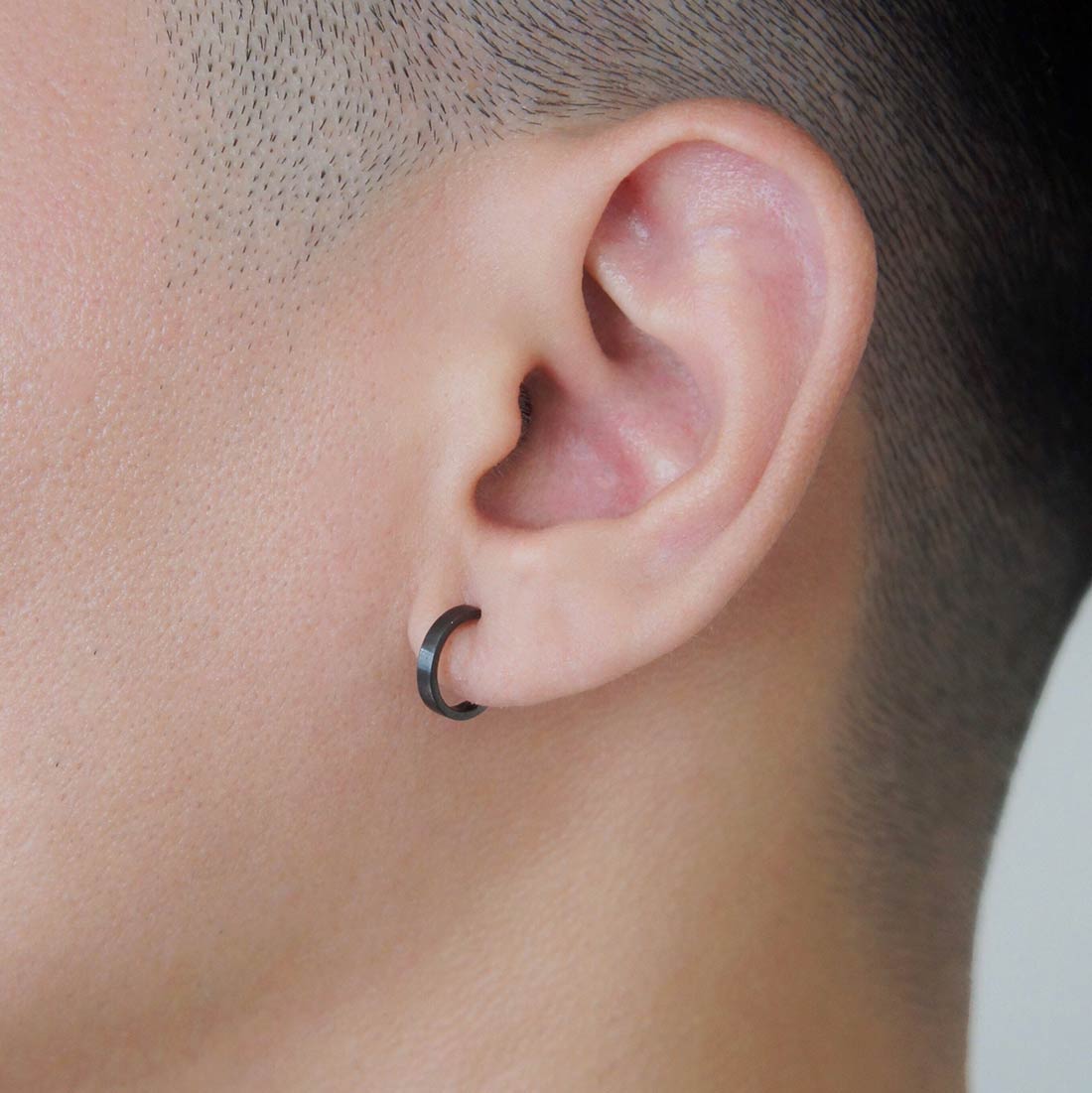 18K イエローゴールド 片耳ピアス ブラックコーティング 着用写真 2mm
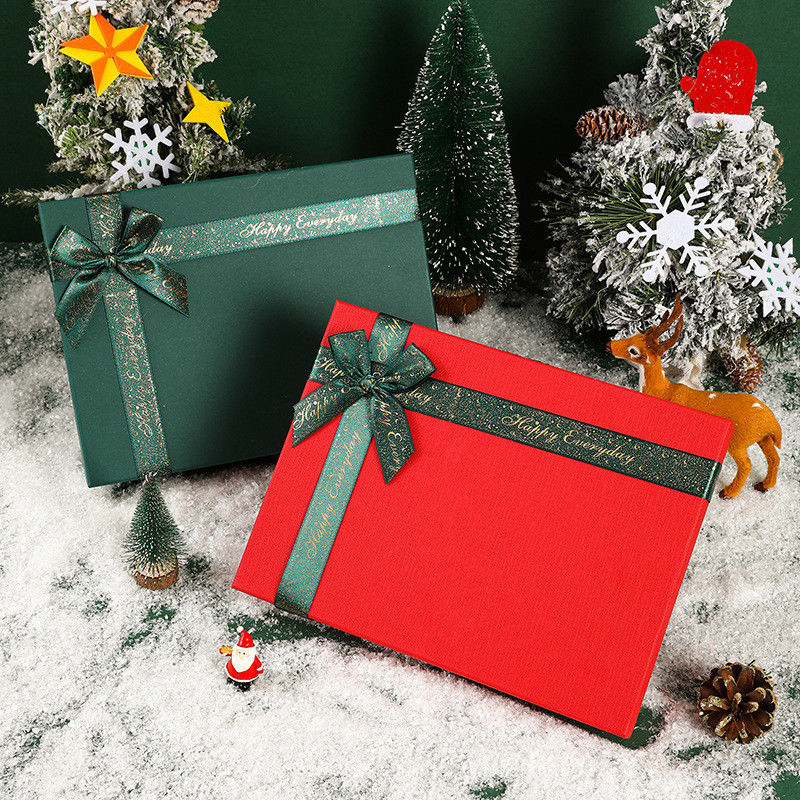 Materiali riciclati Custom Luxury Bridesmaid Gift Box con nastro e diversi colori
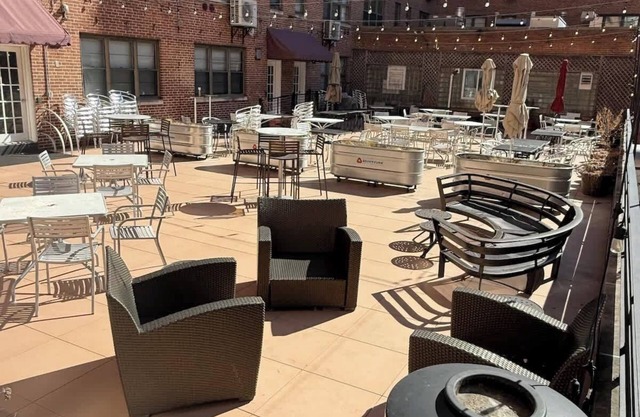 The Blue Jay at Broadview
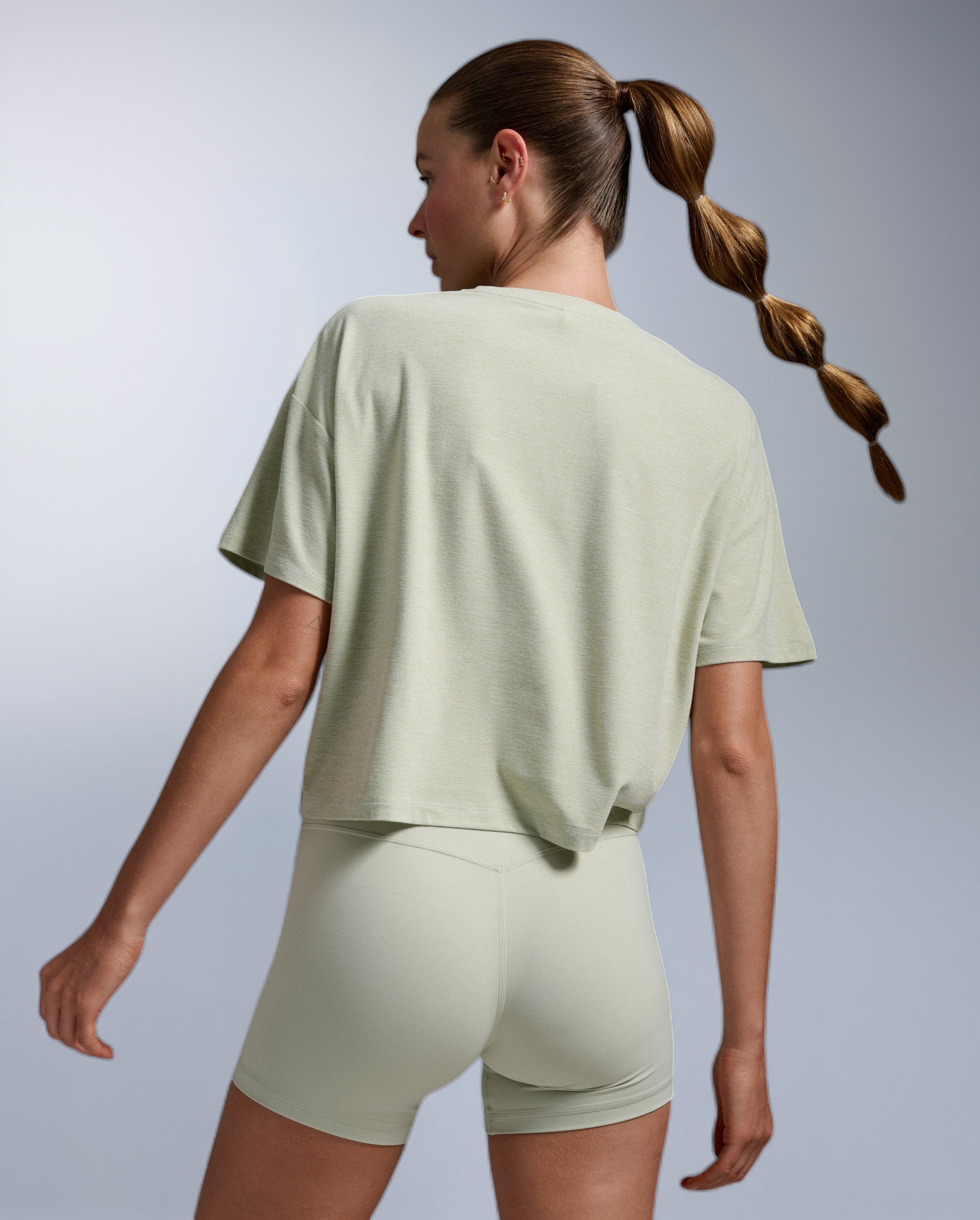 2xu-form-soft-jersey-relaxed-tee-t-shirt-seafoam-damen image 2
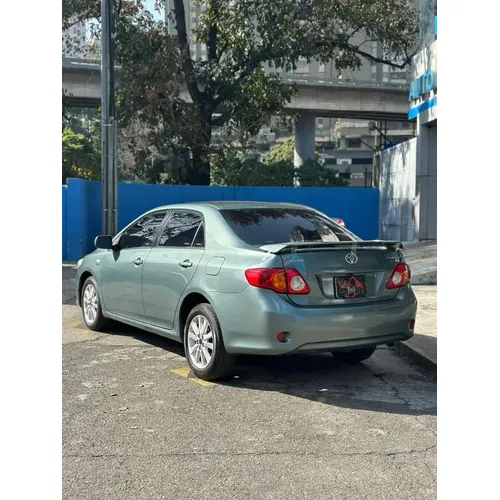 Toyota Corolla XEI 2010 Verde Caracas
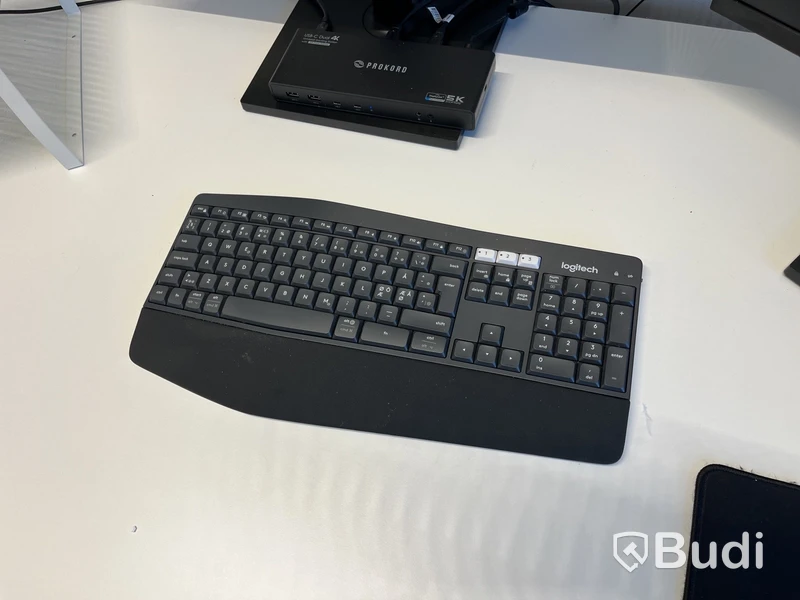 Komplett arbetsplats – skrivbord, stol, skärmar m.m.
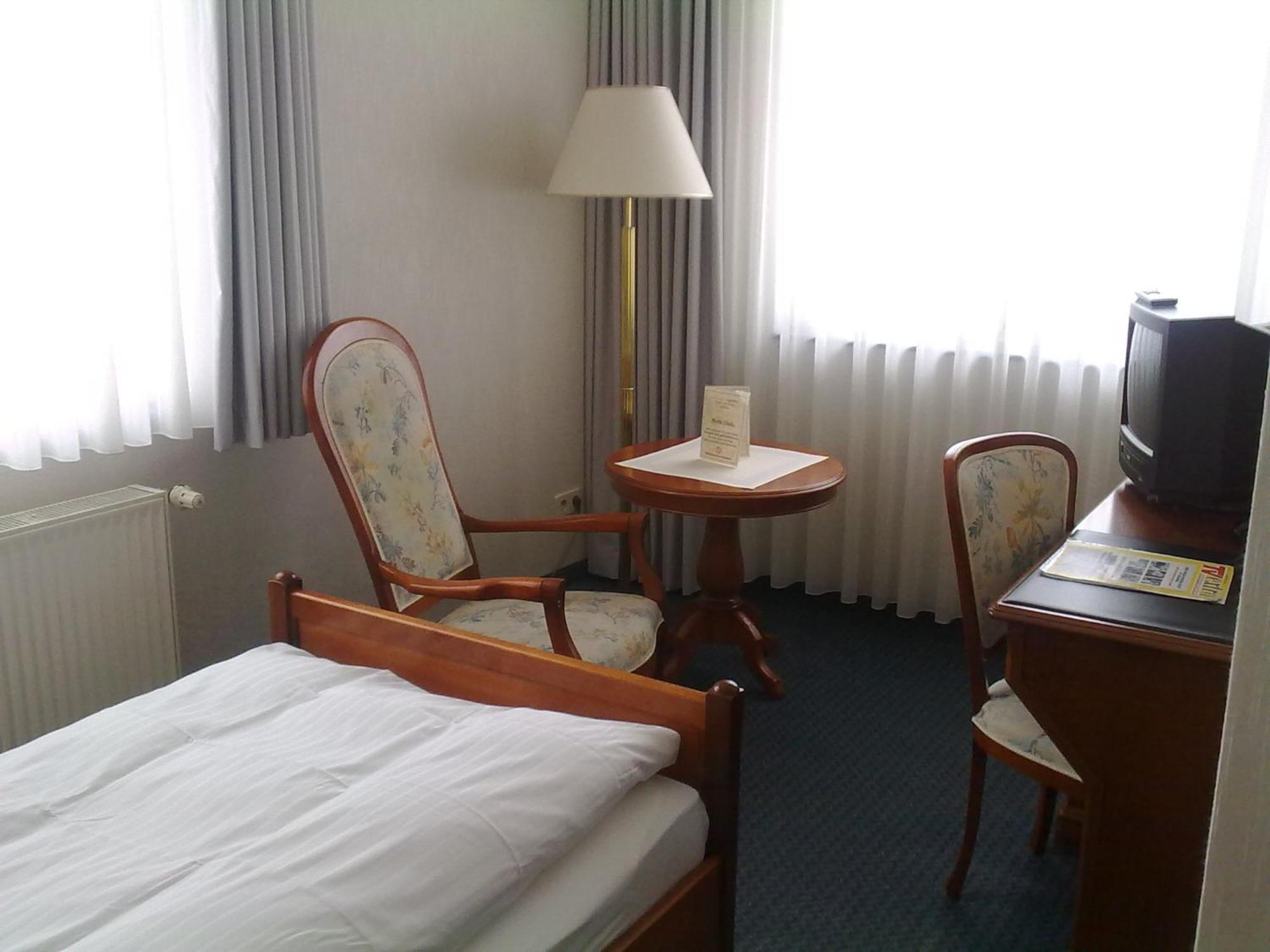 אשרסלבן Hotel Ascania מראה חיצוני תמונה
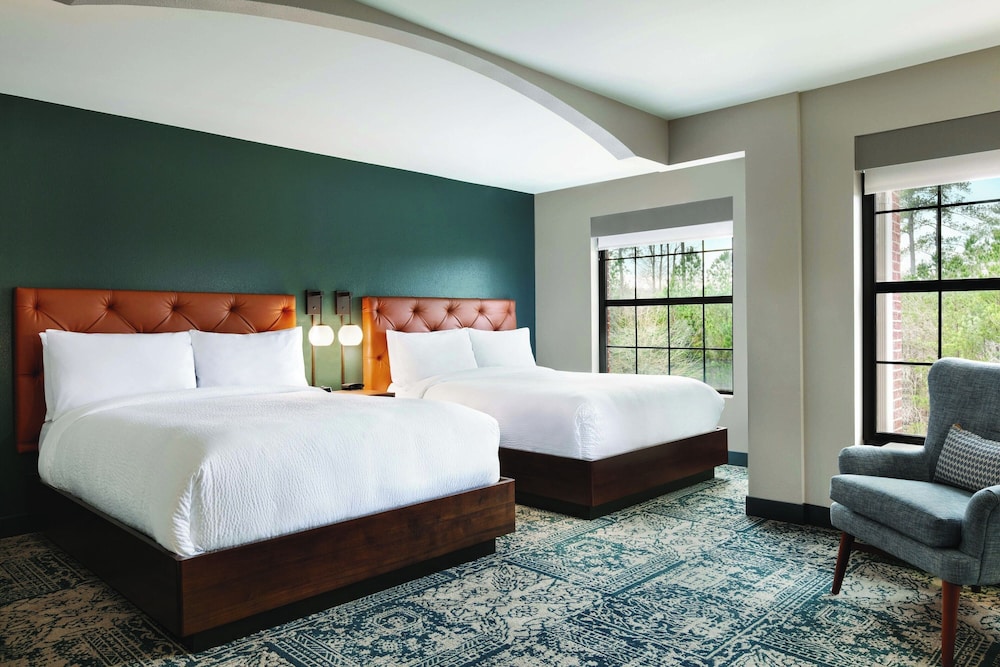 Traditional Room, 2 Queen Beds (Mobility/Hearing Accessible, Tub) - Photo 2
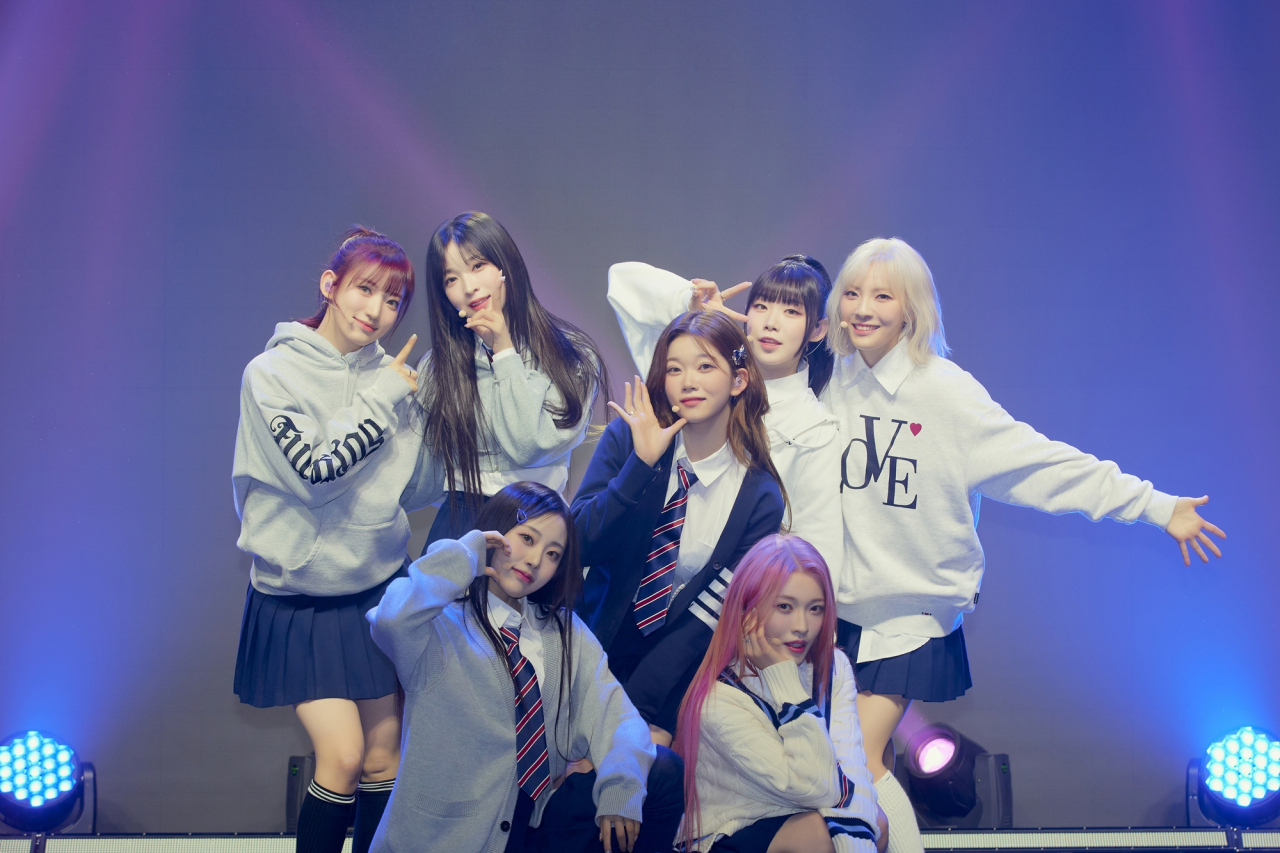 Billlie strikes a pose while performing "Eunoia," from its fourth mini album, during a media showcase in Seoul on Tuesday. (Mystic Story)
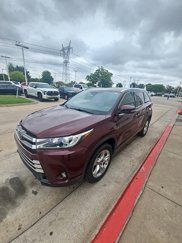 Used 2018 Toyota Highlander Limited image 1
____________________
» **Activity**
Every record must be copied exactly, with the pictures left out.

» **Reply to the task**
 18K イエローゴールド 片耳ピアス ブラックコーティング 着用写真 2mm
 Materiali riciclati Custom Luxury Bridesmaid Gift Box con nastro e diversi colori
 The Blue Jay at Broadview
 2xu-form-soft-jersey-relaxed-tee-t-shirt-seafoam-damen image 2
 Toyota Corolla XEI 2010 Verde Caracas
 Komplett arbetsplats – skrivbord, stol, skärmar m.m.
 אשרסלבן Hotel Ascania מראה חיצוני תמונה
 Traditional Room, 2 Queen Beds (Mobility/Hearing Accessible, Tub) - Photo 2
 Billlie strikes a pose while performing "Eunoia," from its fourth mini album, during a media showcase in Seoul on Tuesday. (Mystic Story)
 Used 2018 Toyota Highlander Limited image 1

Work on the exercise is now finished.